I never expected Keanu Reeves to be my guide to the history of digital filmmaking, but that’s the role he plays as producer and host of the vital documentary Side by Side, written and directed by Chris Kenneally. It opens theatrically today in Los Angeles, with New York and other cities to follow. It will also be available On Demand next week.
Reeves shares the screen with such formidable filmmakers as George Lucas, Martin Scorsese, James Cameron, David Fincher, Steven Soderbergh, and Danny Boyle, to name just a few marquee names, along with product developers and executives, film archivists, and many of the world’s leading cinematographers.

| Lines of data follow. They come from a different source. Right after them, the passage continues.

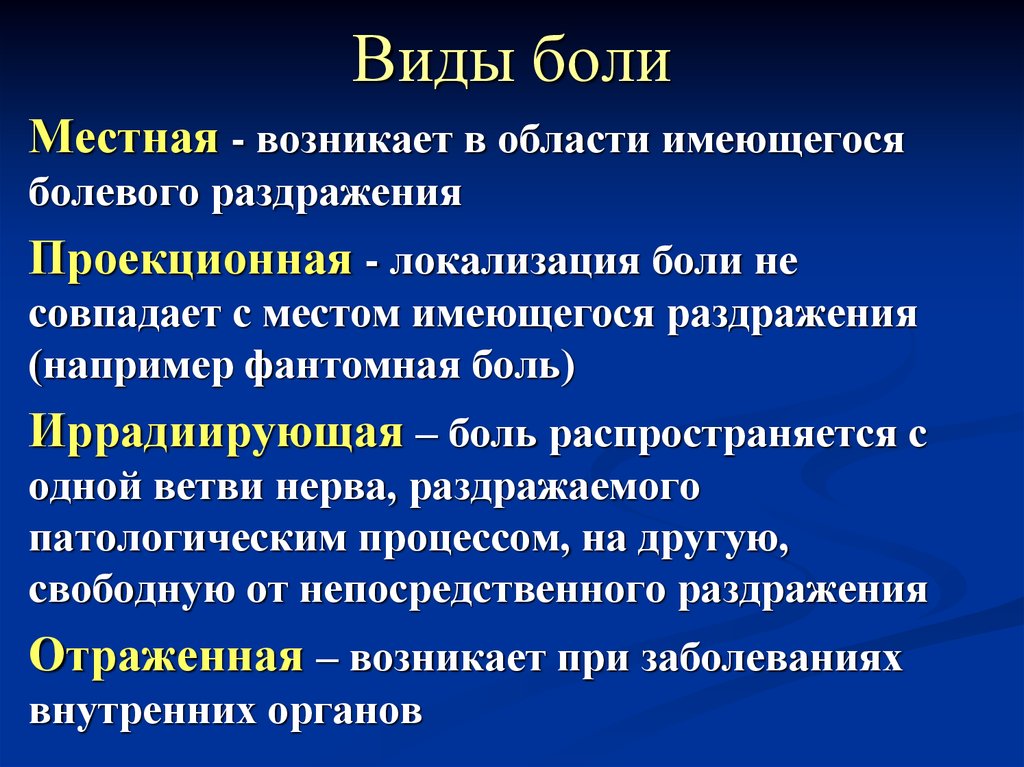 Иррадиирующая боль. Виды боли. Проекционные и отраженные боли. Отраженная и проецированная боль. Местная боль.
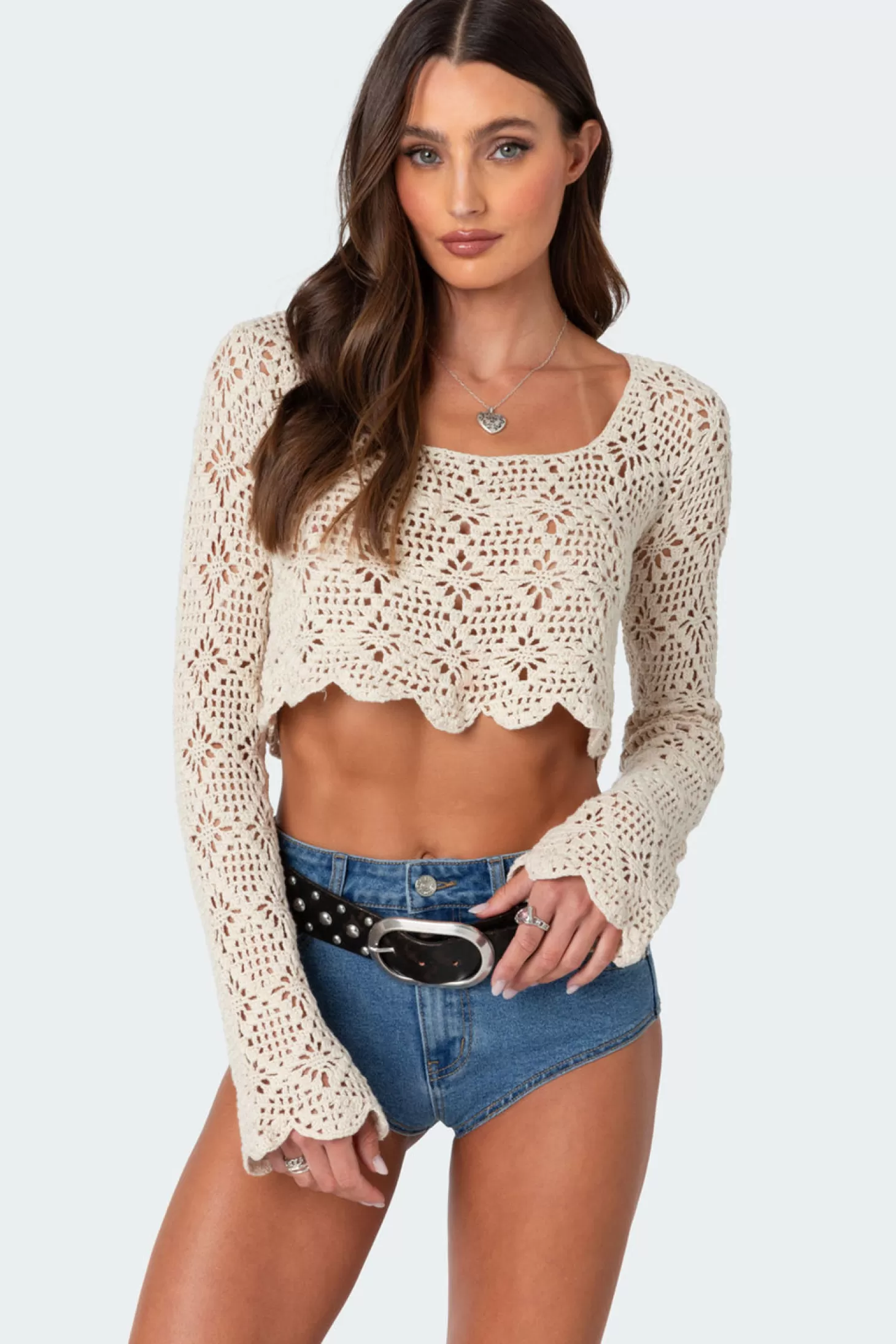 edikted Tessie Crochet Top* Crop Tops | Long Sleeve Tops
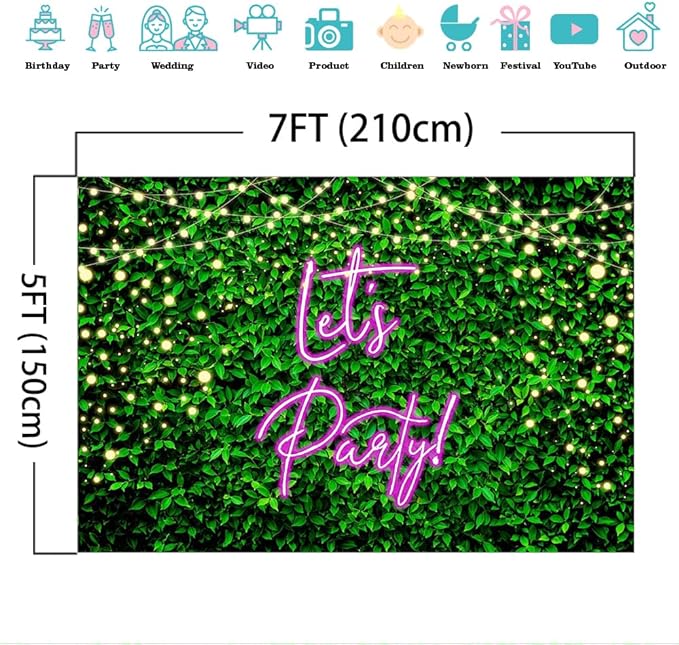 Mocsicka Let's Party Backdrop Greeny Glitter Lights Happy Birthday Background Let's Party Kids Chirldren Birthday Party Supplies Photo Booth Props (7x5ft)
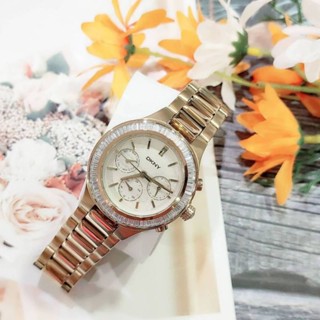 ⌚New Dkny watch gold  tone size 38 mm  ⌚🌸เรือนทอง สวยงามมากกก คริสตัล4เหลี่ยม ล้อมหน้าปัด สวยมากก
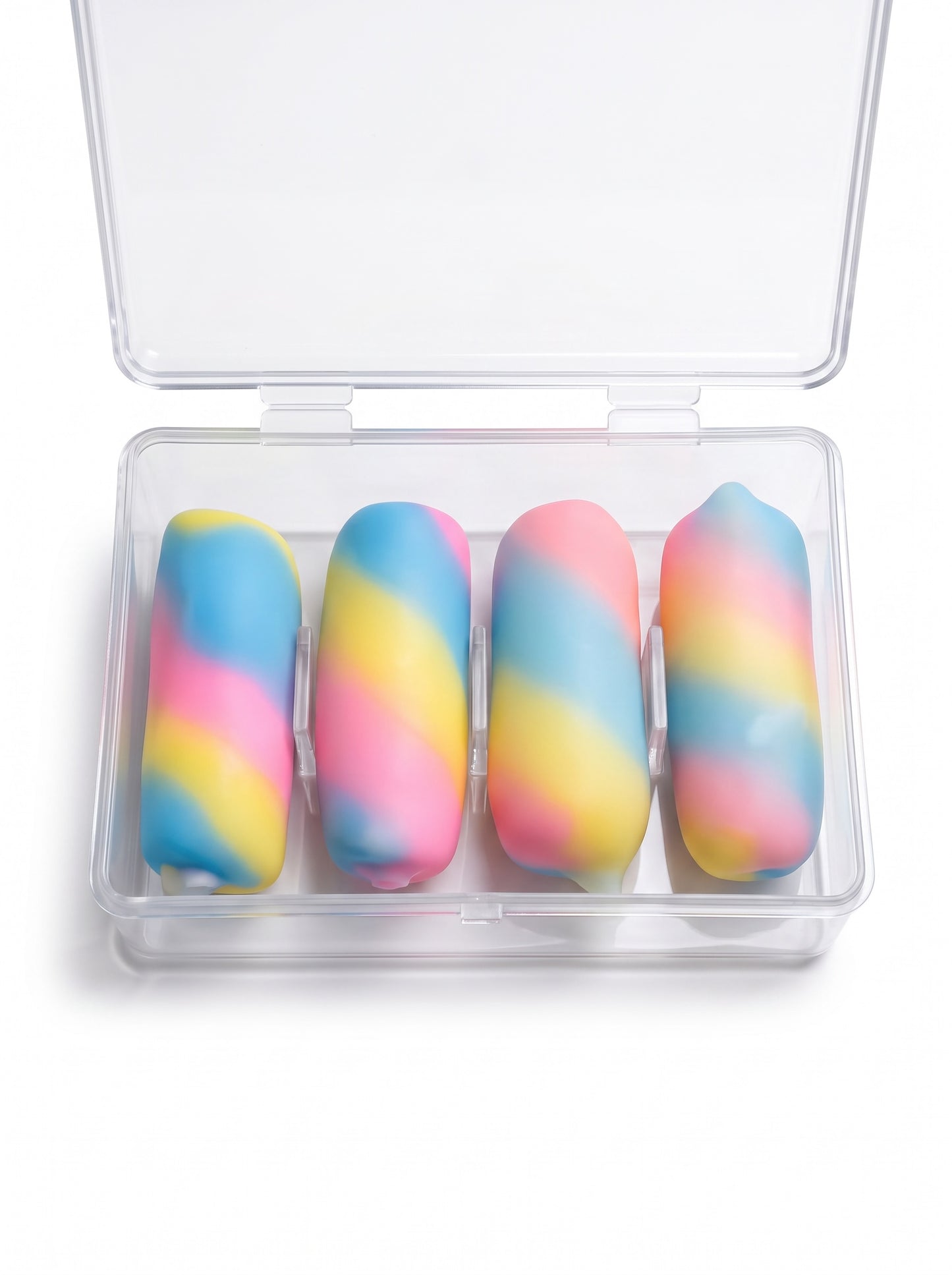 Le Sage May Crackle Fluff sensory toy set featuring four pastel pink, blue, and yellow squishy fidgets in a case.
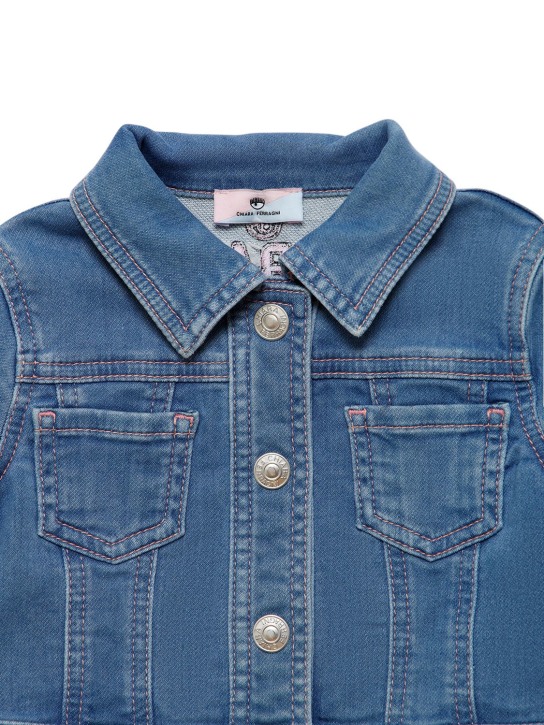 Chiara Ferragni: Embroidered logo denim effect jacket
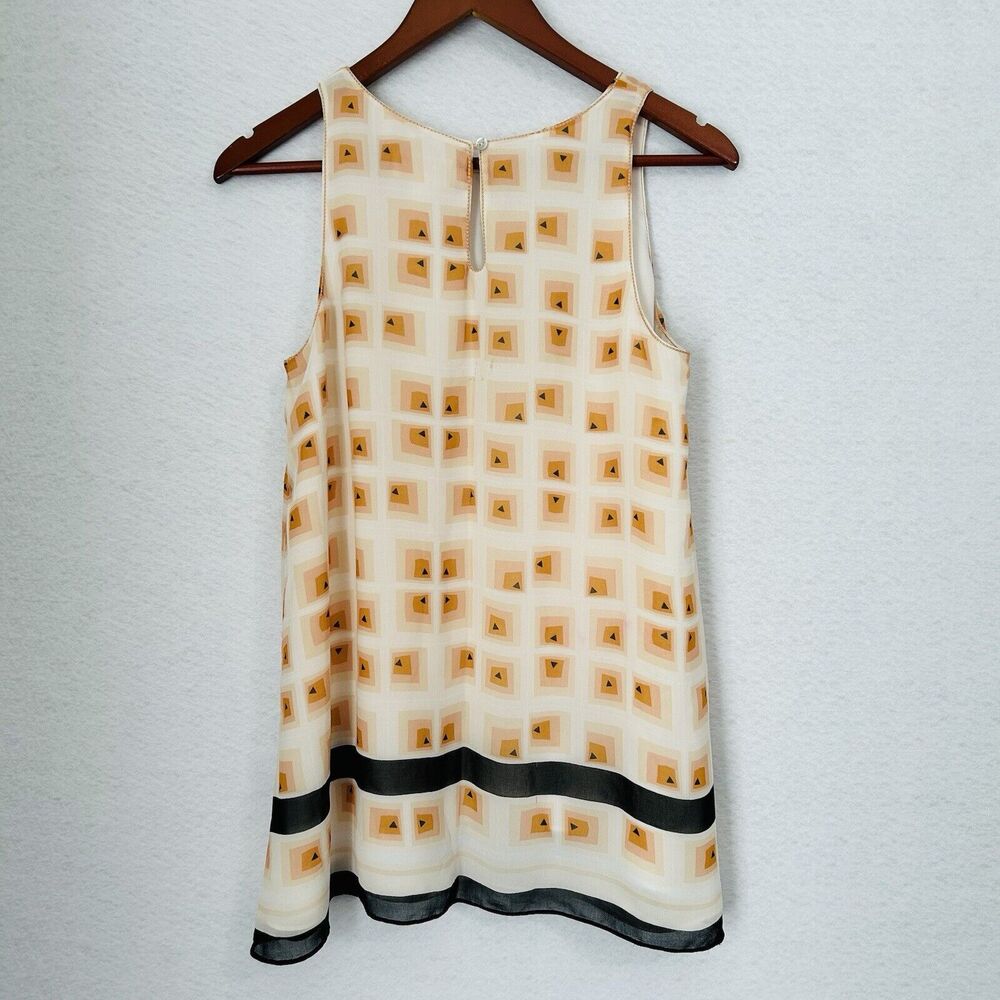 Max Studio Specialty Product Top Women S Black Beige Peach Geometric Vacay Retro - Picture 13 of 13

I anticipated a heated debate about the merits of 35mm vs. digital capture and projection, and that’s certainly one component of the film (with Christopher Nolan and his d.p. Wally Pfister as 35mm purists), but Side by Side has more lasting importance as a document of recent history in the movie industry. It chronicles the first attempts to create high-performance video and then each stage on the road to developing digital cameras that leading filmmakers would embrace.
Side by Side is not a dry polemic, nor is it an advocacy statement; that’s what I admire most about it. Kenneally and Reeves allow creative people and techies to make their points in an even-handed way, and even present archivists like Ed Stratman of the George Eastman House, who discusses the challenges and dangers of archival storage as opposed to saving 35mm prints and negatives.
If you’ve followed this topic, from near or far, I don’t think you’ll come away with any revelations, but you will have surveyed the recent and current filmmaking landscape in a clear-eyed manner, and that’s the best springboard for further debate and discussion. Side by Side is a significant piece of work; I suspect its historical value, as a snapshot of our time, will increase with each passing year.